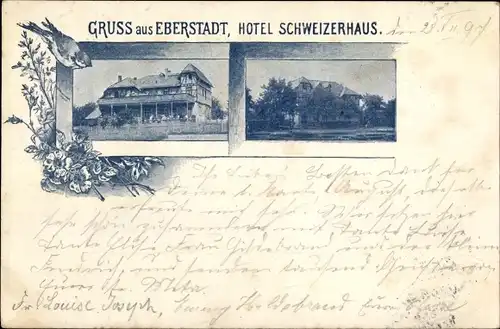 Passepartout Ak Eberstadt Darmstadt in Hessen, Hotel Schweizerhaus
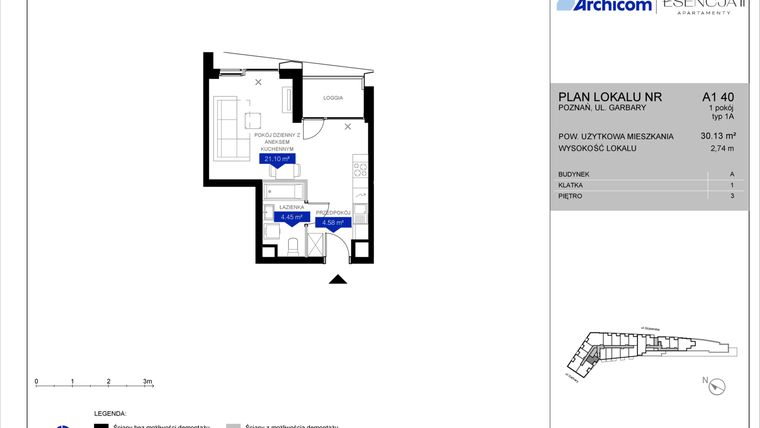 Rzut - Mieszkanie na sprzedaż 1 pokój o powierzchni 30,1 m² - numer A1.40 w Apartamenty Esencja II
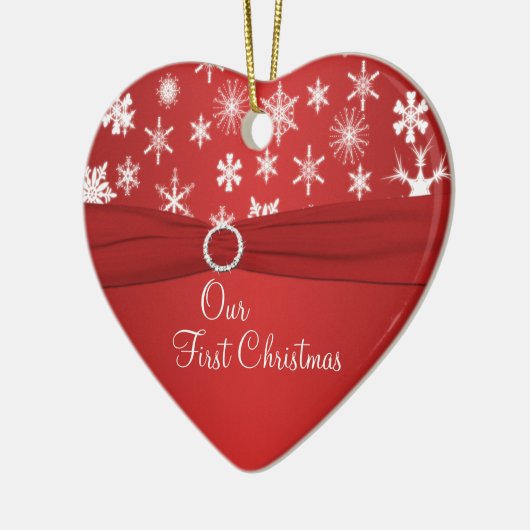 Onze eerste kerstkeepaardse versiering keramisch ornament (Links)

...

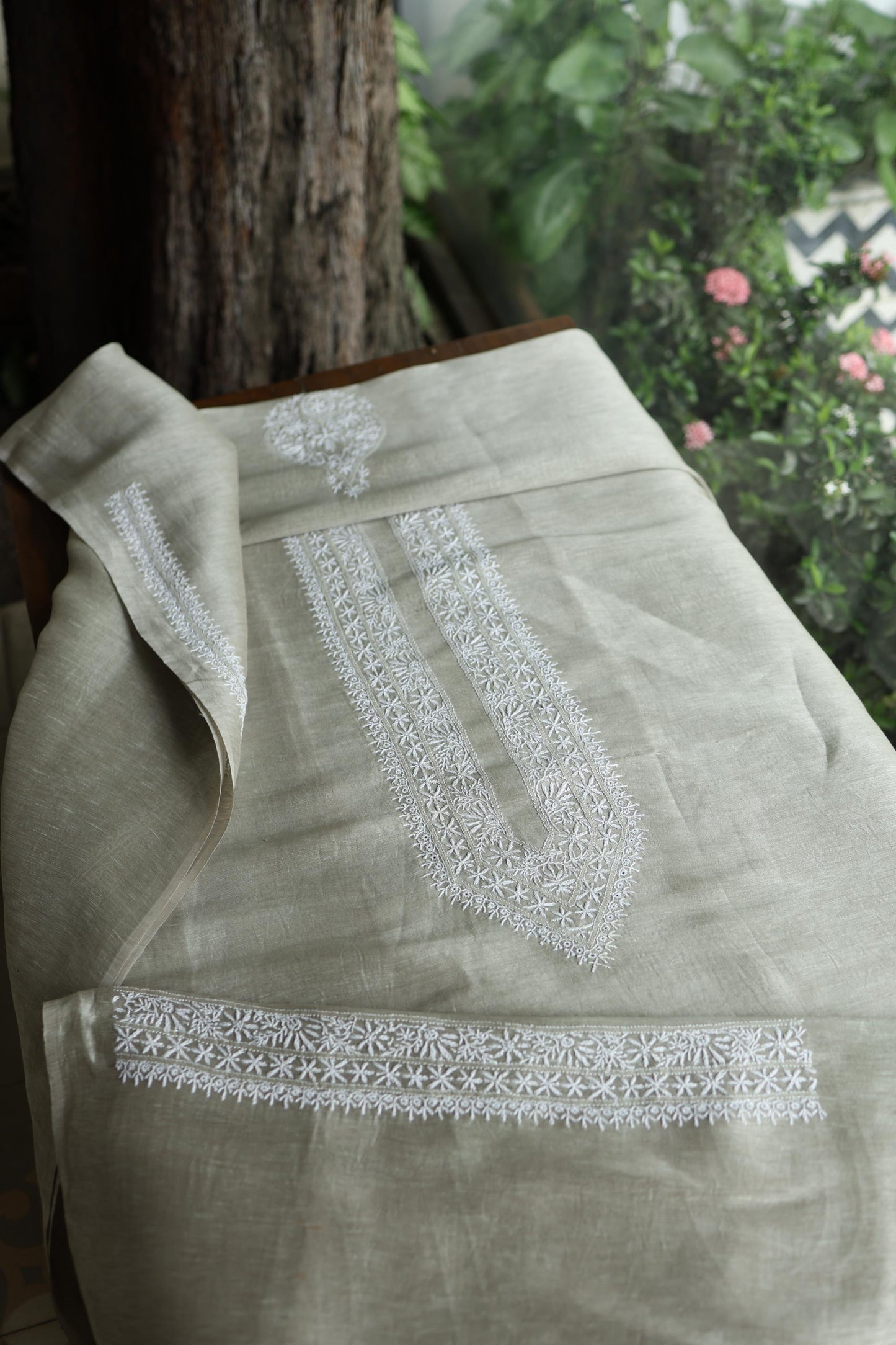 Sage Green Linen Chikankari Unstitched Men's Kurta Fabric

> **To do**
Your reply is to be an exact repeat of the listing above from the line holding "Passepartout Ak Eberstadt" down to the line holding "Onze eerste kerstkeepaardse", ends included, pictures excluded.

> **Completed exercise**
 Passepartout Ak Eberstadt Darmstadt in Hessen, Hotel Schweizerhaus
 Rzut - Mieszkanie na sprzedaż 1 pokój o powierzchni 30,1 m² - numer A1.40 w Apartamenty Esencja II
 Onze eerste kerstkeepaardse versiering keramisch ornament (Links)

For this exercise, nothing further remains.